Phase three is operations. A DPP isn’t a static document. It’s a living record that updates when product data changes, when repairs happen, when the product moves through subsequent ownership. The back-end needs an audit trail (who changed what, when), versioning (so historical states can be retrieved), and a process for incorporating downstream events like repair or refurbishment. ESPR Article 11 covers data quality and integrity requirements; this is the part where early implementations need to harden.
What’s not in a passport, and why that matters
There’s a persistent misconception that a DPP is a marketing document. The ESPR is explicit that it isn’t: the passport is for regulatory and circular-economy purposes (identifying the product, confirming compliance, supporting reuse, repair and recycling). Brands that try to fill the passport with marketing copy will fail the compliance check.

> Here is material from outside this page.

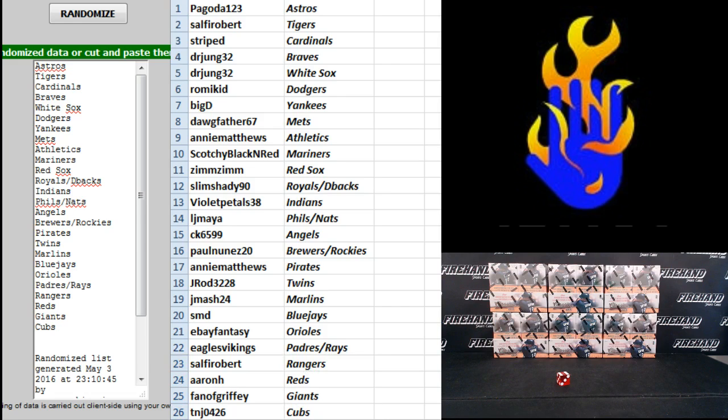You guys can trade — I'm gonna rip all these packs before we start showing the cards off, so you've got plenty of time to work on any deals. Good luck!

There’s a related misconception that the passport replaces existing product content. In practice it sits alongside marketing, alongside instructions for use, alongside customer-facing chat. The GS1 “scan then select” pattern means the QR code on the product can resolve to a landing page with multiple links: the passport, the instructions, the warranty, the conversational interface, anything else the brand wants. The passport is one of these links, not the only one.
Common questions
How long does it take to publish a first passport? Around one working day if the brand’s product data is clean and a category-aligned schema already exists. It can take several weeks if the data needs to be gathered from suppliers and validated against the regulation.

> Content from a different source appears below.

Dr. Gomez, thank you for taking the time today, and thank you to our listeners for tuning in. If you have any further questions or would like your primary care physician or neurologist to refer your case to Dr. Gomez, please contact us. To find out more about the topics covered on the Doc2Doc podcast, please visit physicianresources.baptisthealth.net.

Who owns the data? The economic operator (the brand owner or importer) owns the data. The platform that hosts the passport is the data processor, not the controller. The GDPR distinction matters here, particularly for any product data that touches personal information downstream.
Can a single brand publish passports for all its product lines on one platform? Yes. Multi-tenant platforms designed for DPP typically isolate each brand’s data and identifiers from every other brand’s, while sharing the underlying schema engine and publishing infrastructure.
Do I need to be a GS1 member? In practice, yes. GTINs come from GS1, which is the only authorised issuing agency for them. The cost is a sliding scale based on company turnover and the number of GTINs needed; check gs1uk.org for current pricing in the UK.
Where this goes next
The EU central registry is expected to go live in July 2026. From that point onward, every passport-bearing product placed on the EU market will need to be registered with the central registry as well as being individually published by the brand. The delegated acts for textiles and machinery follow in 2027. Other categories follow on the published schedule.
For brands and distributors heading toward 2027, the practical advice is to start the data work now. The technical layer (identifiers, URLs, hosting, backup) is largely solved by existing GS1 standards and platforms built on top of them. The data layer (collecting, validating, structuring what each delegated act will require for the specific category) is the longer and harder piece. Brands beginning the data work in 2026 will have something running before any delegated act bites, with time to refine it. Brands starting in 2027 will be doing the same work in compressed time and with thinner margins.
A Digital Product Passport, at its core, is a structured set of product data at a stable URL, accessible via a QR code, conformant with GS1 standards, and backed up by an independent third party. The regulatory language makes it sound harder than the engineering actually is. The harder part is the data preparation, and that’s where the early work pays off.